* _Work request_: Please restate the data that follows word for word, with the pictures left out.

Data block START

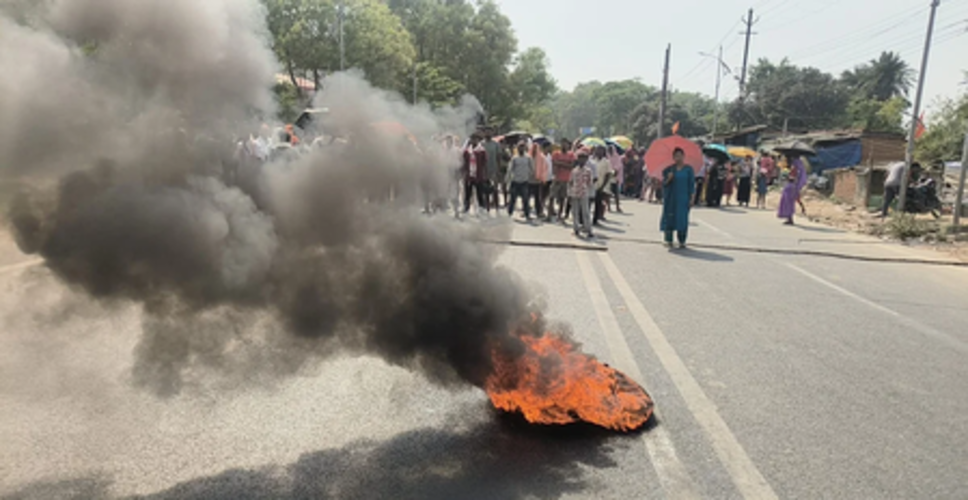 रांची: जगन्नाथपुर मंदिर में सुरक्षाकर्मी की हत्या, विपक्ष ने सरकार पर साधा निशाना, सड़क पर उतरे लोग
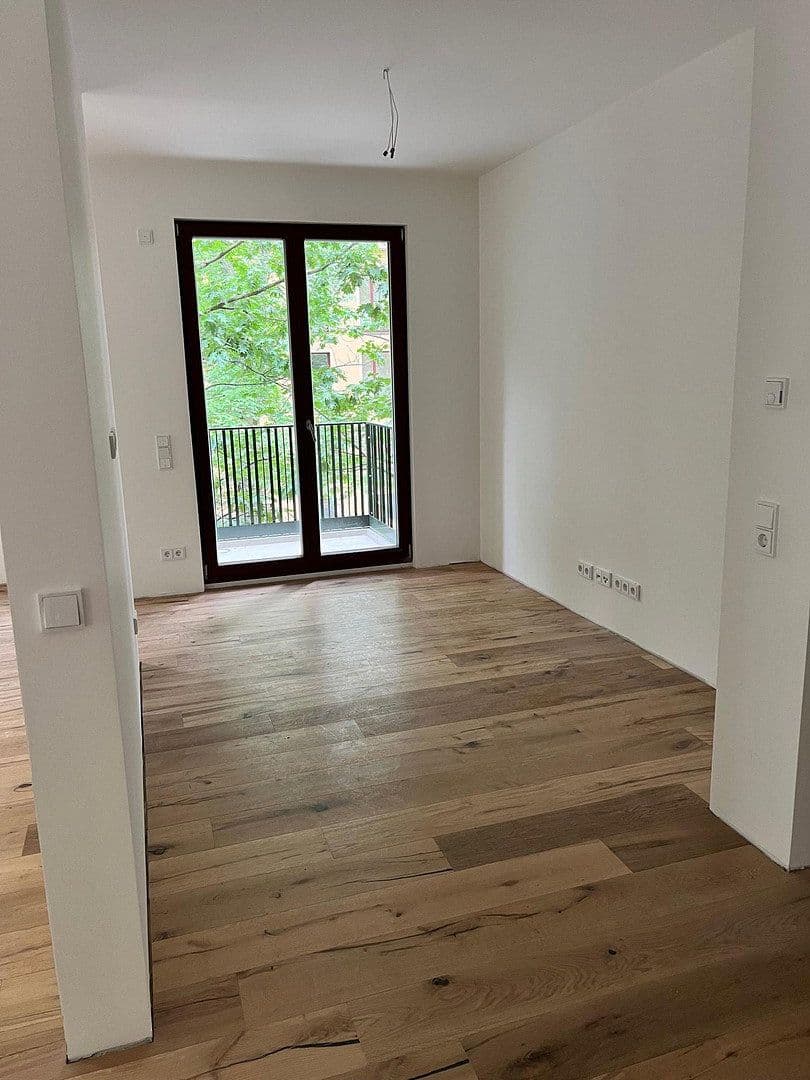 Prenájom bytu 4-izbový 128 m², Otto-Wilhelm-Scharenberg-Bogen 5, Leipzig, Sasko Prenájom bytu 4-izbový 128 m², Otto-Wilhelm-Scharenberg-Bogen 5, Leipzig, Sasko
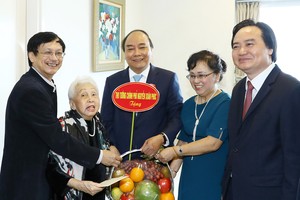 Thủ tướng Nguyễn Xuân Phúc thăm Nhà giáo Nhân dân, Nghệ sỹ Ưu tú Thái Thị Liên.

Data block END

* _Finished task_:
 रांची: जगन्नाथपुर मंदिर में सुरक्षाकर्मी की हत्या, विपक्ष ने सरकार पर साधा निशाना, सड़क पर उतरे लोग
 Prenájom bytu 4-izbový 128 m², Otto-Wilhelm-Scharenberg-Bogen 5, Leipzig, Sasko Prenájom bytu 4-izbový 128 m², Otto-Wilhelm-Scharenberg-Bogen 5, Leipzig, Sasko
 Thủ tướng Nguyễn Xuân Phúc thăm Nhà giáo Nhân dân, Nghệ sỹ Ưu tú Thái Thị Liên.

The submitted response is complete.